- The Washington Times - Saturday, December 17, 2005

Emergency officials received nearly 350 reports of traffic accidents yesterday during a deadly morning commute that was caused by deceptively slick and icy streets.

“They were everywhere this morning,” said Sgt. C.J. Plaza, a Virginia State Police spokesman. “There were some pretty good crashes, vehicles overturning and stuff like that.”

He said the agency responded to about 75 accidents during the rush hour.

Three motorists died in Northern Virginia during the earliest and most harrowing stretch of the morning drive.

Shortly before 5 a.m. in Tysons Corner, a pickup truck on the Outer Loop of the Capital Beltway spun out and struck the front of a FedEx tractor-trailer, which then went over a concrete barrier and fell about 30 feet onto the side of a Dulles Toll Road on-ramp.

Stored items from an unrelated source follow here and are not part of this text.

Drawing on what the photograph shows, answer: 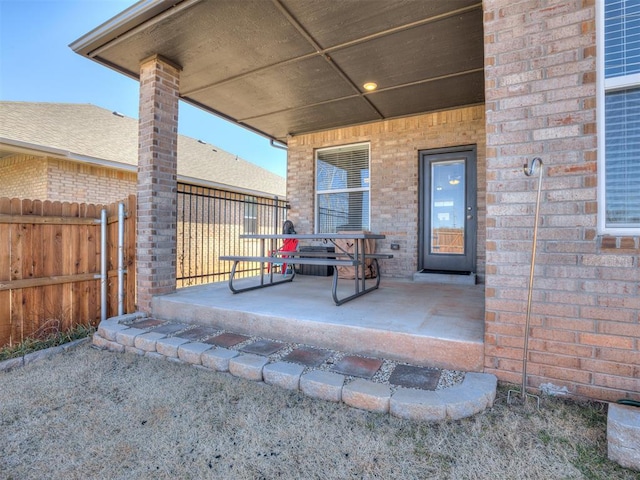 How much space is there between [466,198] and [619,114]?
3.28 metres

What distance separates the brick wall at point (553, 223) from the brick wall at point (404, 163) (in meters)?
3.05

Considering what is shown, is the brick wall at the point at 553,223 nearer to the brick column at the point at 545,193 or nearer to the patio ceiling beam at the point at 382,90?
the brick column at the point at 545,193

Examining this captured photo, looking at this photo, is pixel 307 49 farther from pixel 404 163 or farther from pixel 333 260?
pixel 404 163

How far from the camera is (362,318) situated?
8.36 feet

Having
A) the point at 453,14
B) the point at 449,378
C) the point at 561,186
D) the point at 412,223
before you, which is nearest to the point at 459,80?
the point at 453,14

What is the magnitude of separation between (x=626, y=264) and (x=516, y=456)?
3.64 feet

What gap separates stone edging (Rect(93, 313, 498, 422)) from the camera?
1.63 m

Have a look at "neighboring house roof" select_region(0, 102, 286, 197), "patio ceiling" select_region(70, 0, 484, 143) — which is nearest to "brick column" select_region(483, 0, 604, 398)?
"patio ceiling" select_region(70, 0, 484, 143)

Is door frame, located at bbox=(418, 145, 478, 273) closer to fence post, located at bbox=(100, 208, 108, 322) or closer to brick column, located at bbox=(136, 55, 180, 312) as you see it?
brick column, located at bbox=(136, 55, 180, 312)

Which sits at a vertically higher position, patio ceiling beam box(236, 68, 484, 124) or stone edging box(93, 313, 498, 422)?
patio ceiling beam box(236, 68, 484, 124)

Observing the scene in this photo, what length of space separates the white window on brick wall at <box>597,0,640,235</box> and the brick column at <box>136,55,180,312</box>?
3.81 meters

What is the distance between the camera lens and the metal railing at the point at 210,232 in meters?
5.55

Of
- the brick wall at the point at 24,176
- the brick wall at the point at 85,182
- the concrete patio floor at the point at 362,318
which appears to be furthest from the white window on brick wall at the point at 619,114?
the brick wall at the point at 24,176

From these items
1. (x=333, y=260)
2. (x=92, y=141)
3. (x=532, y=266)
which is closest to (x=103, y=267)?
(x=333, y=260)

The driver, Phillip Dale Heusted, from Ruther Glen, Va., died at the scene.

The pickup truck driver — Terrance Lamont Fayson, 32, of Germantown — was not injured and was cited for reckless driving, Sgt. Plaza said.

In Manassas, a passenger in a car going east in the 9400 block of Wellington Road was killed at about 5:15 a.m. when the vehicle slid into oncoming traffic and hit another car.

Police identified the victim as Ivan Tovar-Delgado, 24, of Manassas. The driver, Roselia Reyes, was taken to a hospital with minor injuries. The driver of the other car was not injured.

In Manassas Park, a pickup truck going south on Route 28 near Compton Road slid across a median at about 5:40 a.m. and collided head-on with another pickup.

Police identified the driver of the northbound truck as Jaime Ortiz, 31, of Dale City, Va. A 47-year-old passenger was flown to an area hospital with life-threatening injuries.

The southbound driver — Froylan Pedro Ramirez-Ramirez, 24, of Manassas — left the scene but was found by police at Prince William Hospital. He was arrested on charges of hit-and-run and reckless driving.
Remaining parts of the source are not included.